The NASA in coalition with the US Department of Energy’s National Nuclear Security Administration (NNSA) has recently worked upon the initial demonstration tests of the NASA’s next-generation space reactor. The space reactor is known as the Kilopower Reactor using Stirling Technology (KRUSTY) nuclear reactor.
The zest for exploring the region beyond reach has excited the nerves of the geniuses at NASA to come up with the Kilopower system. The Kilopower system is a 10-kilowatt space reactor. It can run and carry on its mission for almost ten years before refueling. It makes the use of solid-cast uranium 235 reactor core. The primary function of this solid-cast uranium 235 reactor core is to rule out the plutonium deficiency. The reactor core is six inches in diameter and is surrounded by a beryllium oxide reflector.
At one end, the boron carbide single rod is removed and inserted which starts the reactor. After the reactor stops, the beryllium oxide reflector catches the escaping neutrons and drives them back to the reactor core. The entire mechanism thus makes the self-regulating fission reaction to function with swift efficiency. The solid-cast uranium 235 reactor core remains mildly radioactive unless it is activated.
The Kilopower is modular. The modular design of the Kilopower helps to hook the self-contained reactor units and their respective Stirling reactors. It generates more power as and when needed.
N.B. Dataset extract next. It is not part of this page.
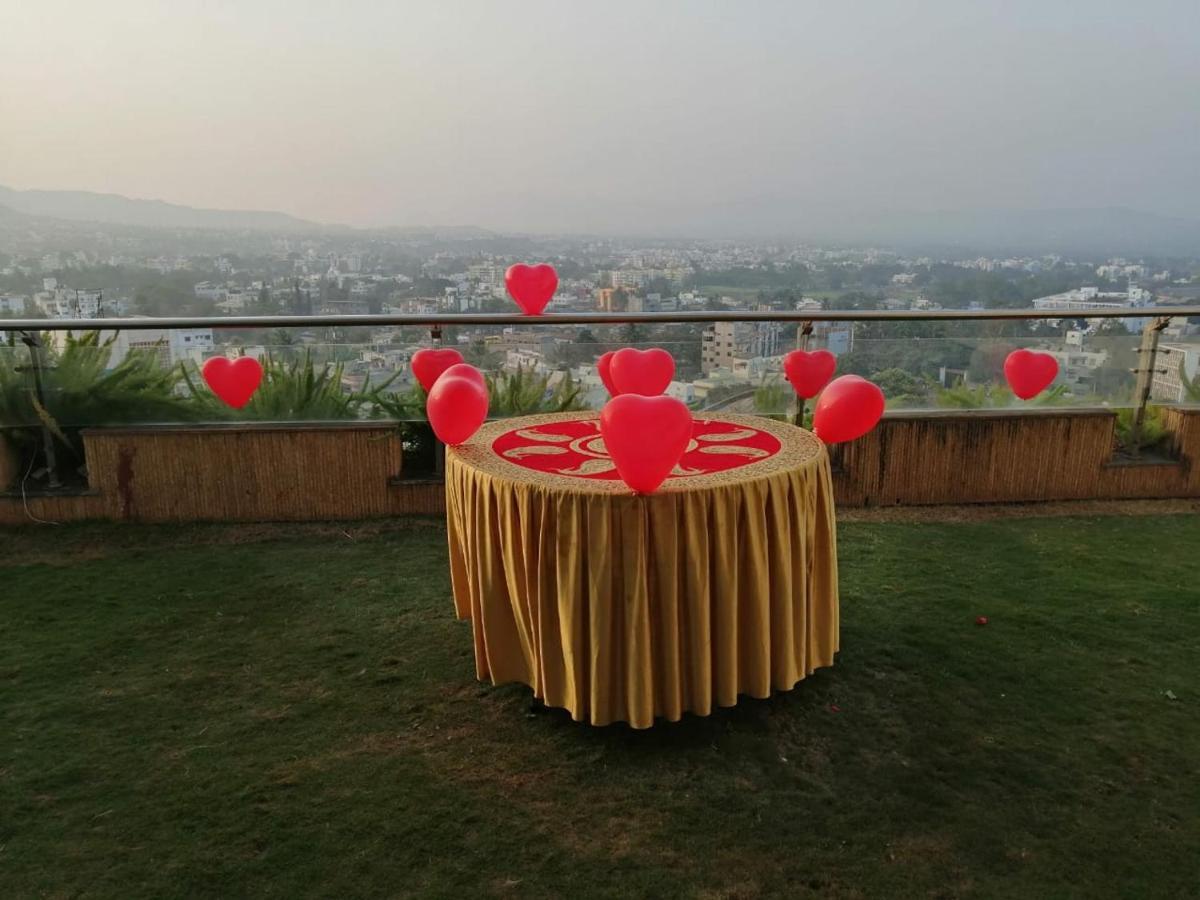 Hotel Maharaja Regency Satara Zewnętrze zdjęcie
The experiment for the initial demonstration of the NASA’s next-generation space center was performed at the Nevada National Security Site. It was conducted in November 2017 and continued until March 2018. The chief reactor designer is David Poston. Poston conveyed that the experimental demonstration was performed to check how the reactor works and whether it will work under abnormal circumstances.
Two tests were conducted with the reactor without generating the power. It was to detect the condition of the components. The final analysis extended for about twenty-eight hours and was a full-powered mission simulation. It included space reactor startup, full power ramp, steady operation and the final shutdown.
The lead Kilopower engineer at NASA’s Glenn Research Center, Marc Gibson says, “We put the system through its paces.” He further added, “We understand the reactor very well, and this test proved that the system works the way we designed it to work. No matter what environment we expose it to, the reactor performs very well.”